Ado Farsi, Frans Aben, and Nicolas Brantut

Tectonic formation, fault activity, and earthquakes are influenced by the concentration of fluid within the Earth's crust. In this work, we aim to unravel the spatial and temporal evolution of fluid transport properties during fault growth to gain insights into the dynamics of fluid flow and its impact on fault development. This is done by taking advantage of a rich data set of measurements of stress, deformation, fluid flux, local pore pressure and acoustic emission locations, coupled with three-dimensional numerical simulations.

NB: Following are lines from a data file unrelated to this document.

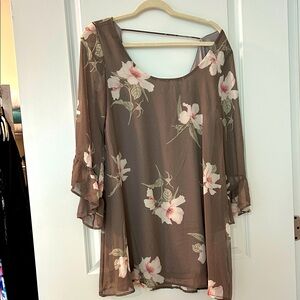 BY TOGETHER Floral Chiffon Dress- Brown and Pink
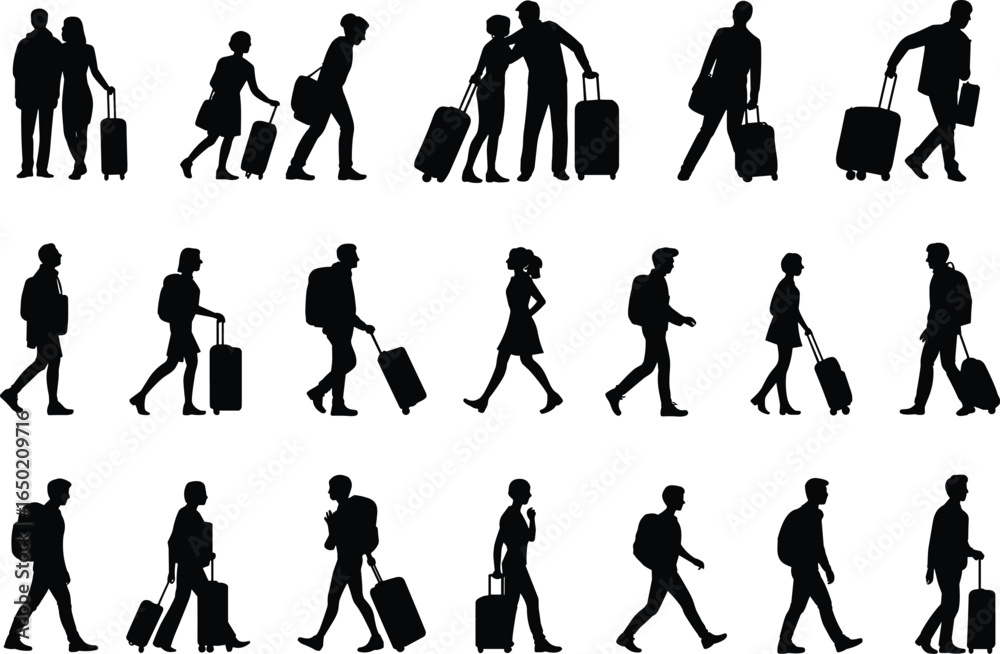 Obraz premium Silhouette travelers with luggage, people walking airport, man woman carrying suitcase, journey travel vector illustration, passenger tourist figures black collection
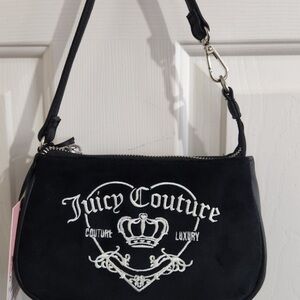 Juicy Couture Black and White Embroidered Shoulder Bag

We induced quasi-static failure in an initially intact sample of Westerly granite under triaxial conditions. Fault growth was monitored using acoustic emission locations. Deformation was periodically halted to conduct flow-through tests, during which pore pressure heterogeneity and flow rate were measured. The exact geometry of the tested sample was then numerically reconstructed, and three-dimensional finite element simulations of Darcy flow were employed to estimate the heterogenous fluid flow properties for all the stages of the experiment by least-square minimisation within an adjoint framework. For each stage of the test the following two models of permeability heterogeneity were considered: i) different local permeability values are inverted for a regular grid in the fault zone and for the remaining volume of the sample; ii) empirical coefficients are inverted to link the change in permeability within the sample to the acoustic emission event density.

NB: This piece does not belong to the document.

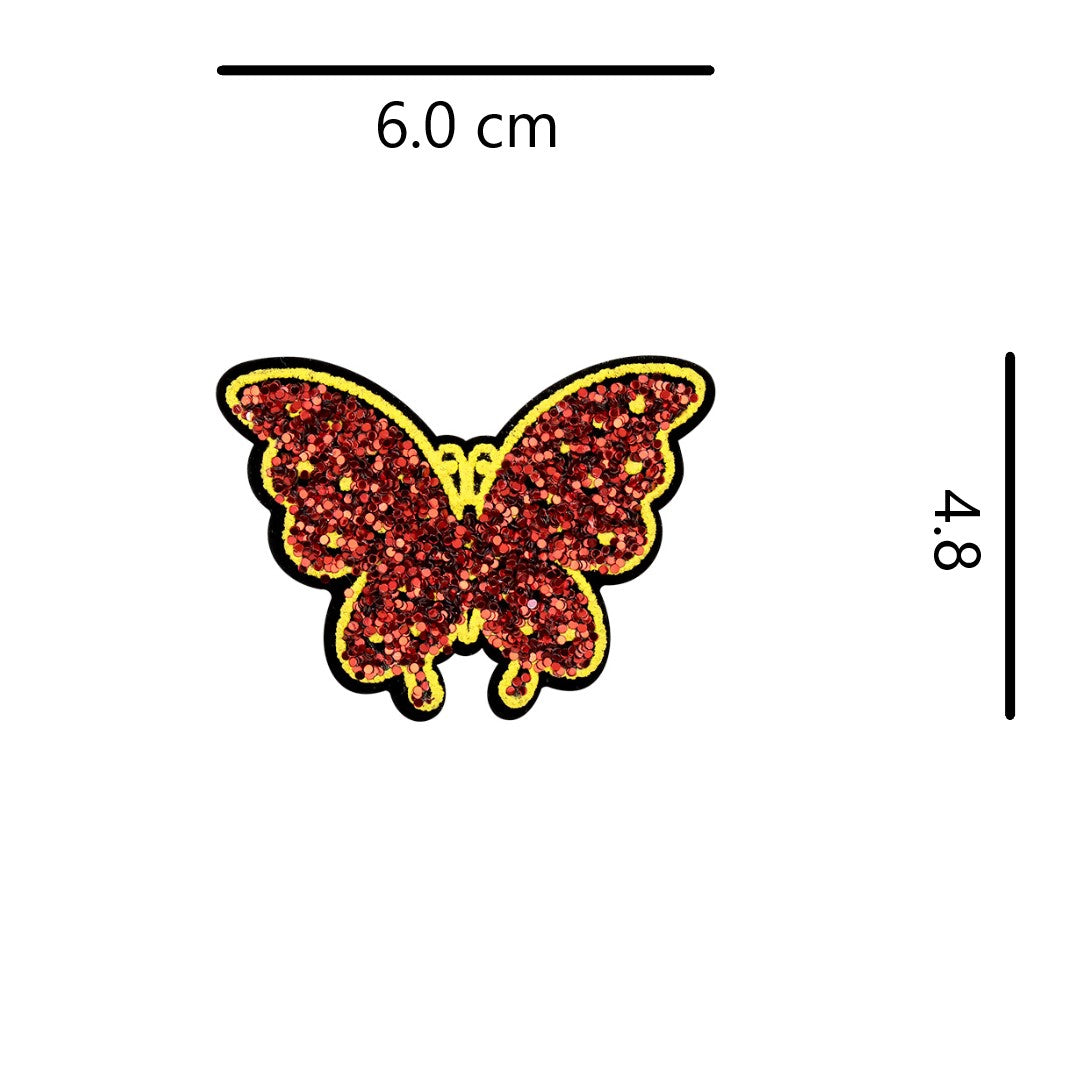 5 Unidades Parche Mariposa Roja Brillante BY DELUXE Chile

We were able to identify the stages during the faulting process where the permeability undergoes the most significant changes: in the initial stages following peak stress, the permeability of the fault zone increases, reaching up to approximately 150 times the permeability of the bulk. The subsequent significant increase (up to approximately 400 times the permeability of the bulk) occurs when the equivalent fault slip ranges between 0.6 and 0.7 millimetres. No substantial increase is observed for the remaining stages of the faulting process. We were also able to determine the extent of permeability heterogeneity along the shear fault zone, revealing variations of up to 8 times between different zones within the fault volumes. These variations are dependent on the specific stage of the faulting process.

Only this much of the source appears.